Ken discussed the possibility of a .edu performance-metric object class for the Internet2 End-to-End Performance Initiative (E2EPerf), and Steven noted that the Grid Forum Grid Performance Working Group is taking an approach similar to E2EPerf's. Steven also noted a presentation in the Grid Forum Grid Information Service Working Group suggesting that SQL be used instead of LDAP for performance data; Ken noted that SNMP MIBs are also a likely rival to LDAP for this purpose.

Steven and new IBM Shibboleth project manager designee Marlena Erdos are revising the Shibboleth scenarios document; Steven is also working on an architecture document. They are trying to stay out of "tar pits" such as FERPA, and are aiming to solve problems with policy statements rather than technology wherever possible. [AI] Steven will try to get confirmation of Marlena's and Jim McConnell's participation in the Thursday morning CSG session. [AI] Steven will send out information on RedIRIS's approach to the problems Shibboleth is addressing.

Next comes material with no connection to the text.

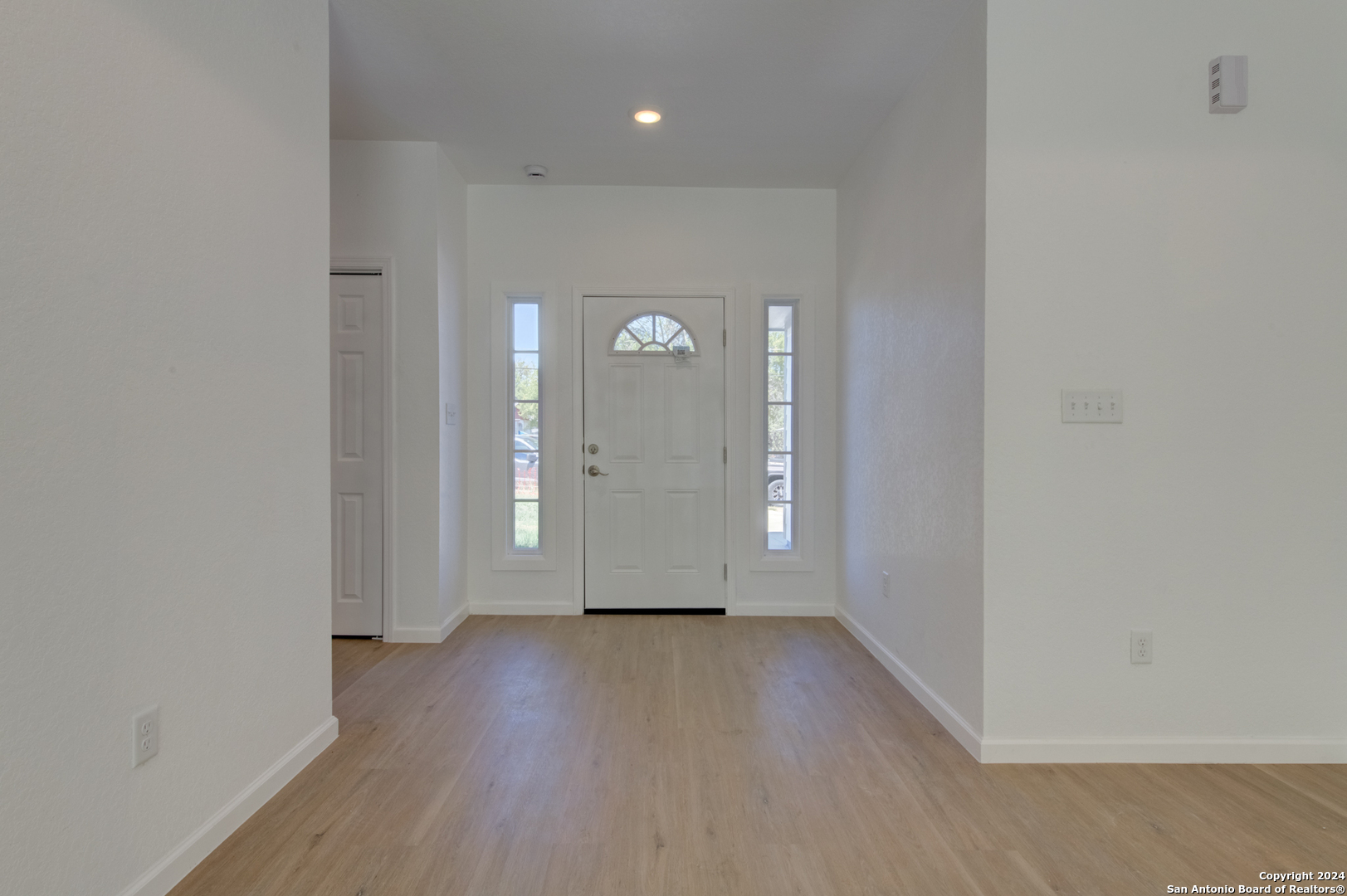 Property Photo: 626 Sewanee TX 78210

Ken noted that he will be attending the Hawaii Joint Techs meeting and doing a "why you should be doing this" plenary at the APAN meeting immediately following.

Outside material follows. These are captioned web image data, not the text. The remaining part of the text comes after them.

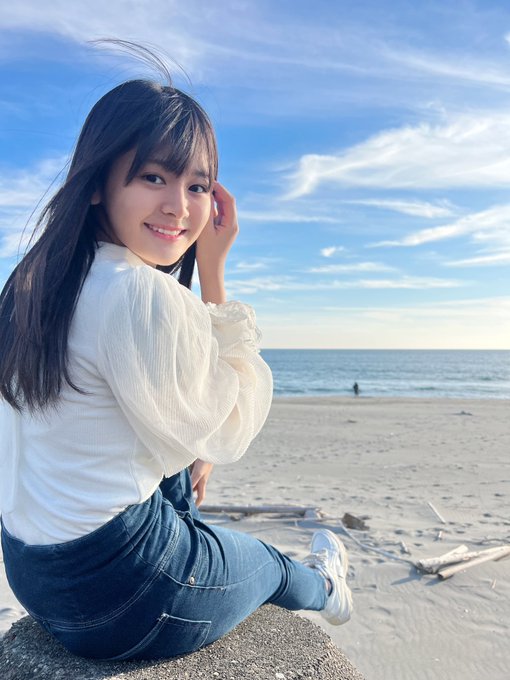 Twitterのコスプレ画像29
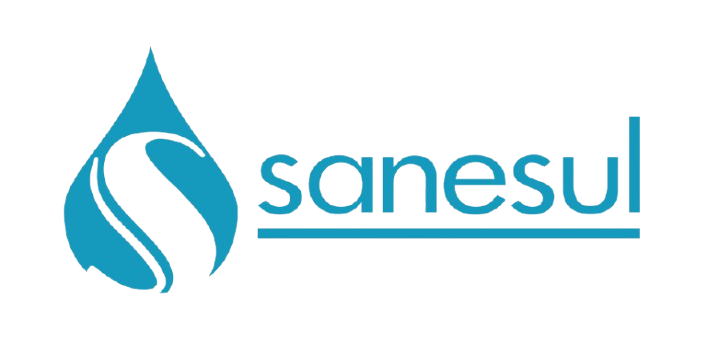Sanesul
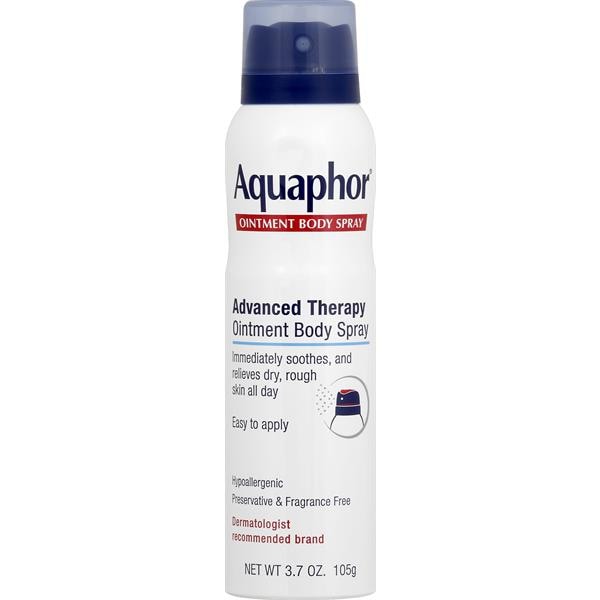 Aquaphor Ointment Body Spray, Advanced Therapy Publix Super Markets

Finally there was a long discussion of the growing need to find staff and other resources for MACE-intersecting work, including both ongoing projects like Shibboleth and new ones such as MACE-Med and bringing K-12 into Abilene. Staffing suggestions included internships, "fledgling IT architects" on the campuses, and grad students on half-time research associateships. In general, few people appear to be available; Ken observed that "the staffing is harder than the money". There was general agreement on the particular importance of finding an effective strategy for building support organizations. Steven cited Shibboleth as a key example of this need: the first few implementers will gain expertise, then this expertise will need to be diffused to the 180+ Internet2 schools, and then to the thousands of EDUCAUSE schools. Keith offered the analogy of a plant raised in a hothouse -- if it is not transplanted, it will die. Similar implementation concerns have been raised about Globus. MACE discussed the possibility of organizing a group of consultants who would be available to come to campuses. In order to ensure interoperable deployments, the consultants would function primarily as trainers, working from Internet2-produced documents like the LDAP Recipe, and only secondarily as troubleshooters. E2EPerf aims to do something like this, building on the support model developed by NLANR, but improving its scalability by drawing systematically on support resources from Internet2 member campuses. [AI] Ken will document ideas for organizing support within Internet2.

*Action Items*

[AI] Bob will contact HEPKI-TAG and ask them to let Steve Farrell know what use-cases TAG will be able to provide.
[AI] Ken will try to arrange a discussion with the creator of the IMS specs at CSG.
[AI] Keith will send the IMS doc out to MACE-Dir.
[AI] Steven will try to get confirmation of Marlena's and Jim McConnell's participation in the Thursday morning CSG session.
[AI] Steven will send out information on RedIRIS's approach to the problems Shibboleth is addressing.
[AI] Ken will document ideas for organizing support within Internet2.